Think of saving money on food as just being smart. Like a skill you can develop and get better at over time. Plus, keep up with local news and ask your local officials to do something to help all families at the supermarket. For example, Tennessee is sitting on more than a $3 billion tax surplus, according to the Sycamore Institute, and is thankfully pausing sales tax on food in August. Arkansas has gone one step better and lowered the tax rate on food. Most of the U.S. states do not include groceries in sales tax, but 13 still do. What is your state doing?
Anne Byrn: Between the Layers is a reader-supported publication. To receive new posts and support my work, consider becoming a subscriber.
So with all this saving, what will you splurge on?
In the survey you answered steaks and organic meat, and also salmon, ice cream, and avocado.

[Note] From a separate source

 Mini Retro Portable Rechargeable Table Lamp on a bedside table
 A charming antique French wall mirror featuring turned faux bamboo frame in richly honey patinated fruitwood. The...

There were votes for good cheese and chocolate, nice olive oil, Kerrygold butter, coffee, and organic strawberries.
Like I said before, Between the Layers readers have good taste!
What did I miss? Do you have a Cheap Eats suggestion?
Coming on Thursday for My Paid Subscribers
Homemade Granola! Making a sheet pan of granola feels empowering and perfect for summer breakfasts. I just love to clean out the pantry of dried fruits and add them to the mix.
If you’re not a paid subscriber, take advantage of this week’s special offer and join us!
And now that chicken recipe, which will absolutely perfume your kitchen. Turn any leftovers into soup. Have a great week!
- xo, Anne
My Baked Chicken and Rice
This was the chicken and rice I cooked for our children nearly every week. I didn’t use a recipe but somewhere along the line, someone asked me for the recipe, and I wrote it down. You can use a whole chicken and cut it up, or you can use pre-cut chicken pieces. Buy the best chicken you can afford, and always rinse it when you get it home from the store. I find that chickens aren’t cleaned as well as they used to be, and without going into any unsavory details, let’s just say rinse it inside and out, and pat dry with paper towels. And this is really a blueprint. You can add mushrooms or carrots, any veg you like. Add some zucchini at the end if they are coming into your garden. Add a splash of sherry if it’s close at hand. Make my chicken and rice your chicken and rice.
Prep: 10 minutes
Soak: 30 minutes
Bake: 2 hours
1 3- to 4-pound whole organic chicken, rinsed
2 tablespoons vegetable oil
Sea salt and freshly ground black pepper
1 medium onion
2 bay leaves
½ cup water or white wine
3/4 cup long-grain white rice, such as Basmati
1 cup water
Chopped Italian parsley, for garnish
1. Place a rack in the center of the oven, and preheat the oven to 300 degrees.
2. With poultry shears cut the backbone out of the chicken and discard. Trim off the thigh and leg portions, keeping the thigh and leg in one piece. Keep the double breast with ribs and wings in one piece. Pat chicken dry with paper towels.
3. Place 2 tablespoons vegetable oil in a heavy Dutch oven over medium-high heat. When the oil is hot, add the chicken pieces, skin-side down. Let sear until they are golden brown, 2 to 3 minutes, then with tongs turn to the other sides, and brown them all over. You may need to reduce the heat to medium if the pan gets too hot. Turn off the heat and season the seared chicken with salt and pepper. Discard extra grease in the pan.
4. Meanwhile, peel the onion and cut into quarters. Tuck the onion around the chicken. Add the bay leaves. Add ½ cup water or white wine to the pan, and place the lid on the pan. Place the pan in the oven to cook until the chicken is very tender, 1½ hours.
5. Remove the pan from the oven, and leave the oven on. Remove the pan lid, and sprinkle the raw rice around the chicken. Pour the water over the rice, and stir with a fork to moisten the rice with pan juices. Place the lid back on the pan. Return the pan to the oven so the rice can cook, 20 minutes more.
6. To serve, carefully remove the chicken to a platter to keep warm. Spoon the rice alongside, and scatter chopped parsley over the top.